(EXERCISE REQUIREMENTS) Write out the data exactly, please, and omit the pictures.

(STORED DATA)
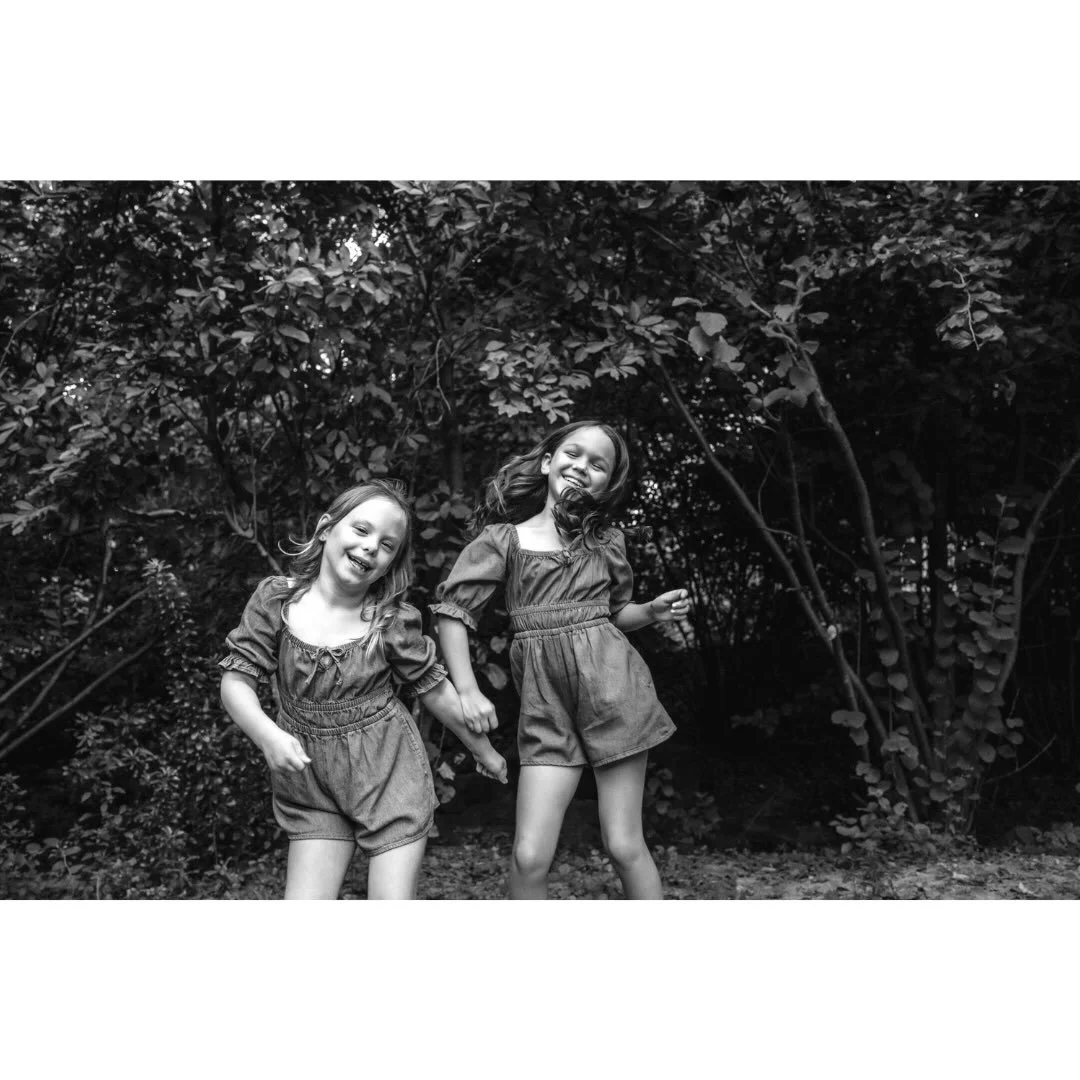 Cousin hang time at the park. Lots of dancing and climbing. A regular evening with some of their favorite people. 

#atlantafamilyphotographer #decaturfamilyphotographer #documentaryfamilyphotographer #candidfamilyphotos #familyphotojournalism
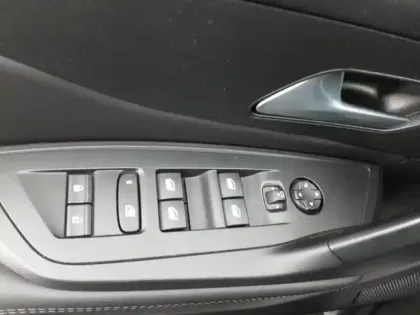 Photo 18 Peugeot 308  PHEV 180 e-EAT8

(SOLUTION FOR THIS PROBLEM)
 Cousin hang time at the park. Lots of dancing and climbing. A regular evening with some of their favorite people. 

#atlantafamilyphotographer #decaturfamilyphotographer #documentaryfamilyphotographer #candidfamilyphotos #familyphotojournalism
 Photo 18 Peugeot 308  PHEV 180 e-EAT8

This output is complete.